The first cover piece I ever wrote (many moons ago) was for the SF Weekly, on a Mexican rock band called Maldita Vecindad, which was going on its first US tour, and on the (then) growing phenomenon of home-grown Latin American rock. This predated the marketing term "rock en español" by a couple of years.
The blooming of RNE scenes in the early to mid-90s in Latin America and the US was a heady experience to live through. I'd grown up a Dominican rockera/punk, which even in NYC made me a freak. So hearing Mexican kids worship the electric guitar and sing in DF slang felt like home.
I became part of the SF rockero scene, befriending bands, writing about them in the alternative press and in a local zine, going to every show from Berkeley Square's Rockola on Sunday nights to warehouse shows in San Jose. I even wrote a piece in Spin that claimed that RNE was one of the ten harbingers of the future in rock. 1995 was a good year.
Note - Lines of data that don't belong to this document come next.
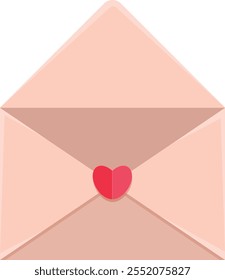 Isolated opened envelope with heart in flat style. Love letter template. Valentine's Day letter template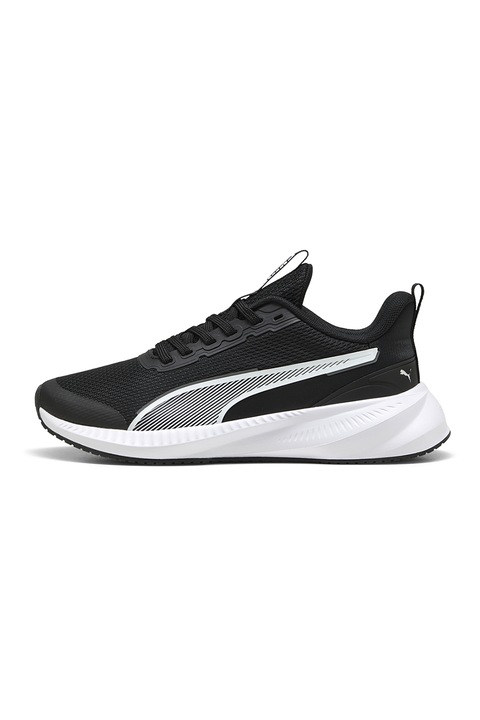 Puma, Pantofi sport Flyer Lite 3 de plasa cu logo, Alb/Negru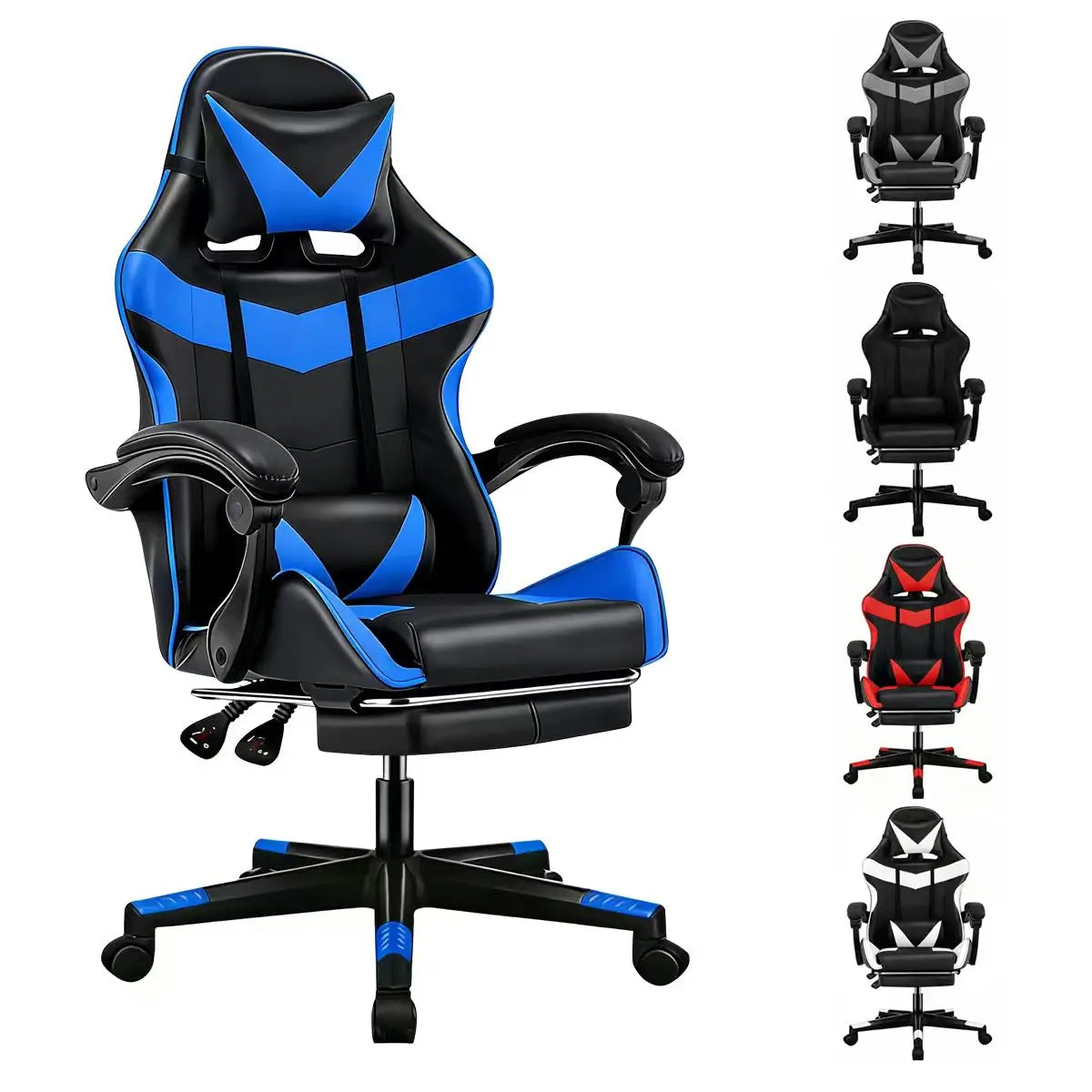 Ergonomic Gaming Chair Computer Chair with Footrest and Headrest, Lumbar Support Height Adjustable Reclining 90°-135° Swivel Off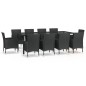vidaXL 11-tlg. Garten-Essgruppe mit Kissen Schwarz Poly Rattan vidaXL 11-tlg. Garten-Essgruppe mit Kissen Schwarz Poly Rattan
More than a decade later, though, aside from Aterciopelados, Café Tacuba and Kinky, few Latin American bands (and no U.S. Latino bands) are known outside of a small subculture. Part of that is the fact that the U.S. music public has pretty much splintered into nothing but subcultures -- with the exceptions of globalized hip hop/pop -- but part of that was the colony collapse disorder that hit the U.S. RNE scenes starting about 1997.
What made me think about this was a recent Mun2 piece forwarded to me by Enrique Lavin trying to retrospectively analyze what happened to Latin American rock. The writer interviewed several folks who were in the trenches from the get-go, like Elena Rodrigo, who was a manager, show organizer, and worked at the first Latin rock indie in the US, Aztlán Records, and Ed Morales, who at the late, great Village Voice was like me one of a handful of Latino writers championing the "movimiento"; label peeps Tomás Cookman and Camilo Lara and other scenesters, organizers and promoters.
Their basic post-mortem is: RNE was a niche music, the term was a marketing imposition, reggaetón/hip hop is more "universal" and easier to market, the industry never properly supported the genre.
Of the comments on why U.S.-based bands never blew up the way Latin American bands did, I agree the most with Ed Morales' comment:
As much as I liked bands like Pastilla, Volumen Cero and Maria Fatal, I think the bands that developed in the U.S. didn't have as much quality and grassroots support as bands from Latin America. When bands like Caifanes, Fabulosos Cadillacs, Tacvba and Aterciopelados toured the U.S., I saw tremendous enthusiasm. I also saw them play in Latin America and there was even more enthusiasm. These bands represented the passion of Latin American kids who, for the most part, have a more difficult life than kids in the U.S. They also represent an organic part of a local Latin American culture. The U.S. bands did not represent "community" in the same way, despite their talent and passion.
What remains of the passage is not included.